Task goal -
Would you reproduce, word for word, only the lines running from the top of the data through the line containing "Casa de Férias Casa De Pato", and none of the pictures?

[Data items]
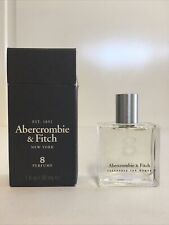 Abercrombie fitch perfume for sale  USA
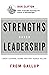 Strengths Based Leadership:...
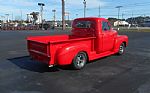 1947 C10 Thumbnail 3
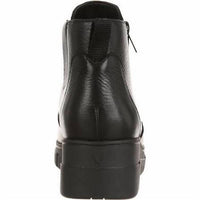 Vionic - Women's Uptown Sur Ankle Boot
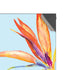 Birds of Paradise Summer Xbox Series X Console Skin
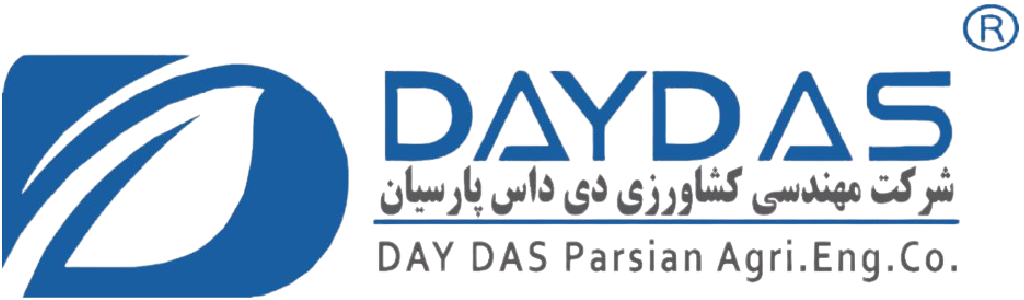 شمیم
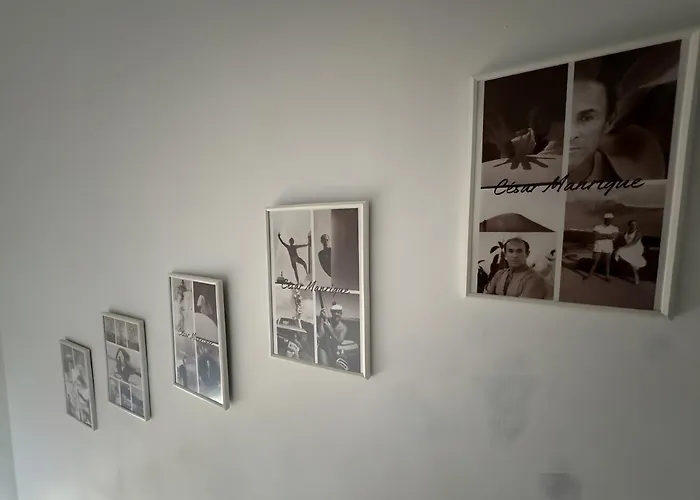 Casa de Férias Casa De Pato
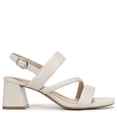 thumbnail image 3 of LifeStride Women's Celia Slingback Strappy Dress Sandals - Medium & Wide Width, 3 of 9
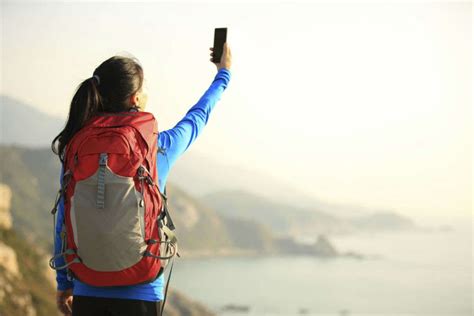 Best Travel Gadgets | 5 Tech Items To Pack For Travel | TimesTravel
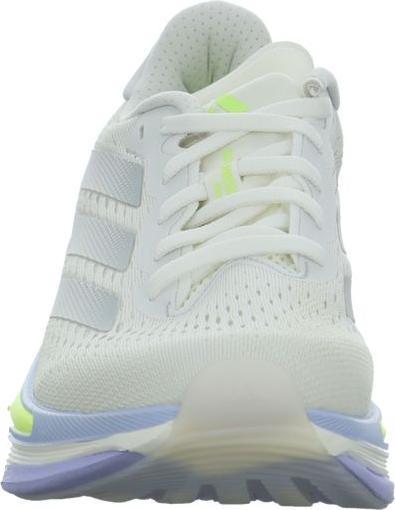 Produktbild adidas Supernova Prima W (39 1/3)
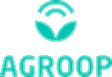 Agroop Cooperation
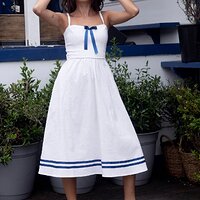 tumblr_fc14653bb4f2fadae254ed99aa2a4c14_0940858c_1280.jpg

Response to the exercise -
 Abercrombie fitch perfume for sale  USA
 Strengths Based Leadership:...
 1947 C10 Thumbnail 3
 Vionic - Women's Uptown Sur Ankle Boot
 Birds of Paradise Summer Xbox Series X Console Skin
 شمیم
 Casa de Férias Casa De Pato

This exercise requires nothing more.